Excerpted records =
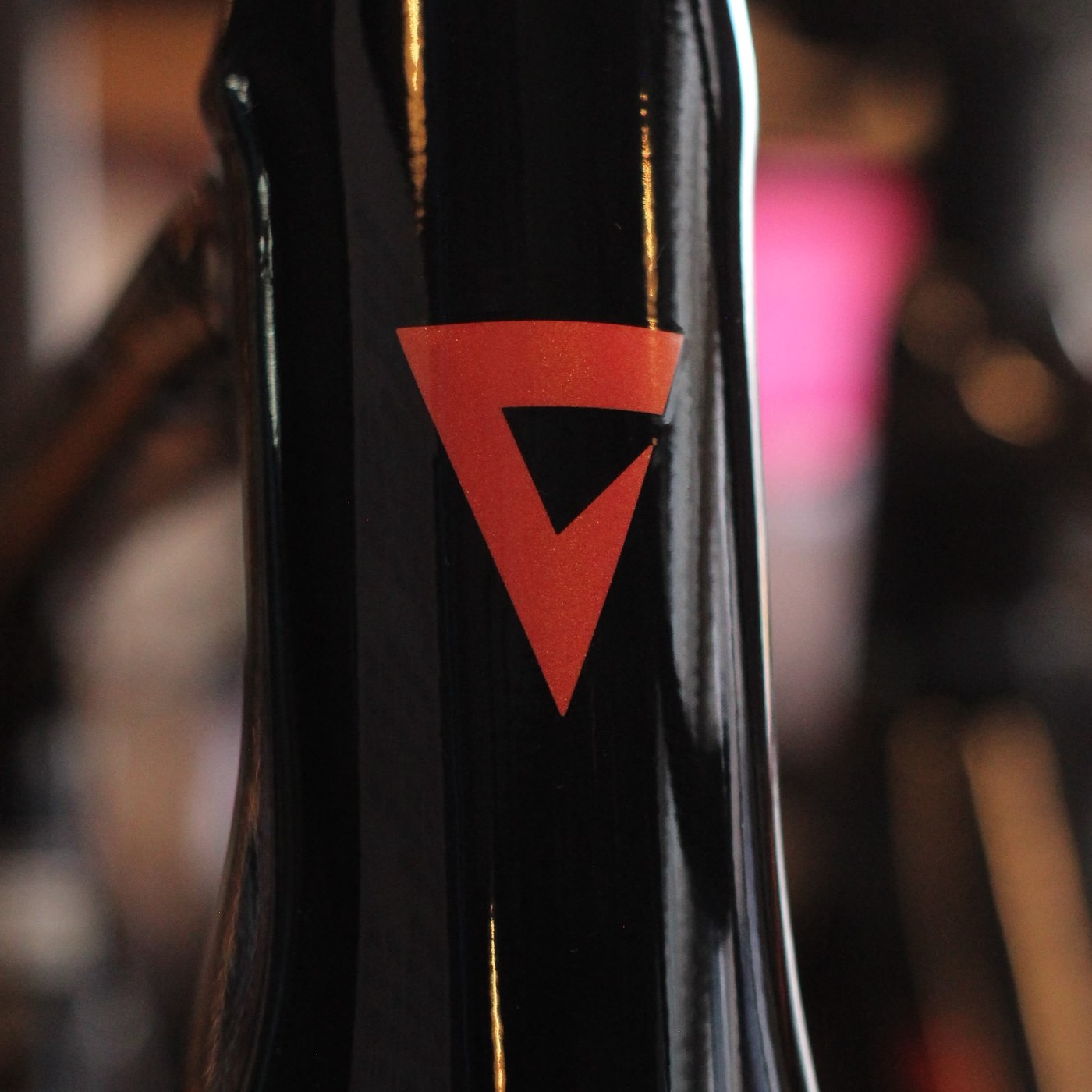 Detalle del logotipo Liv en rojo sobre el cuadro negro brillante de una bicicleta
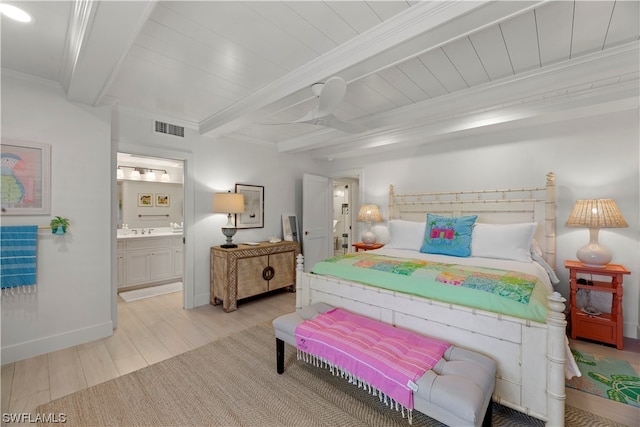 bedroom with sink, crown molding, light hardwood / wood-style floors, ensuite bath, and beam ceiling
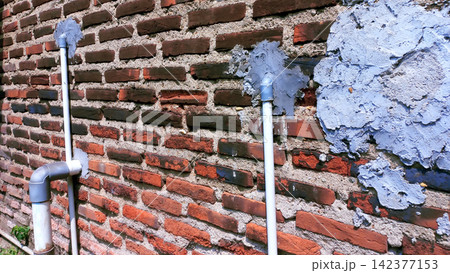 Exterior PVC pipe and cement patch on a brick wall 142377153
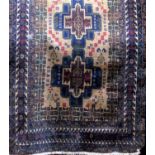 Antique Persian three medallion rug on a fawn ground with navy blue running fields, 210 x 120cm (af)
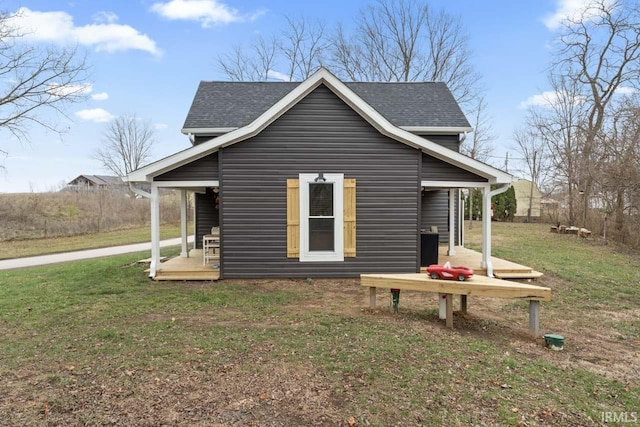 view of side of property with covered porch and a yard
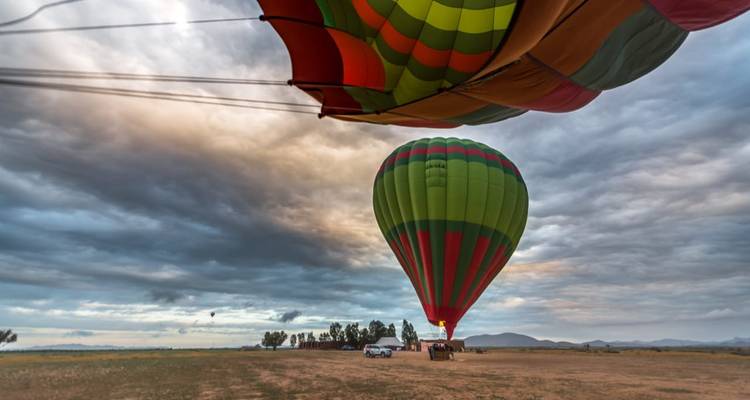 Montgolfières se préparant au vol au-dessus d'un paysage au lever du soleil.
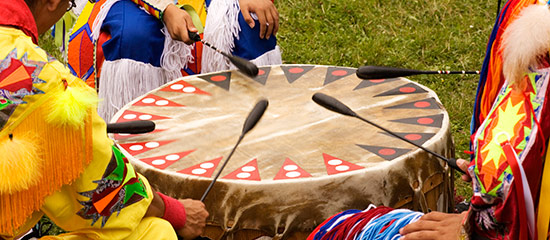 People in colorful clothing pounding on a drum at a Stephenville festival near the Days Inn Stephenville hotel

What you have to do =
Please write out exactly, and only, the lines from the beginning of the entries through the line containing "Exterior PVC pipe", including both and skipping all pictures.

Task result =
 Detalle del logotipo Liv en rojo sobre el cuadro negro brillante de una bicicleta
 bedroom with sink, crown molding, light hardwood / wood-style floors, ensuite bath, and beam ceiling
 Exterior PVC pipe and cement patch on a brick wall 142377153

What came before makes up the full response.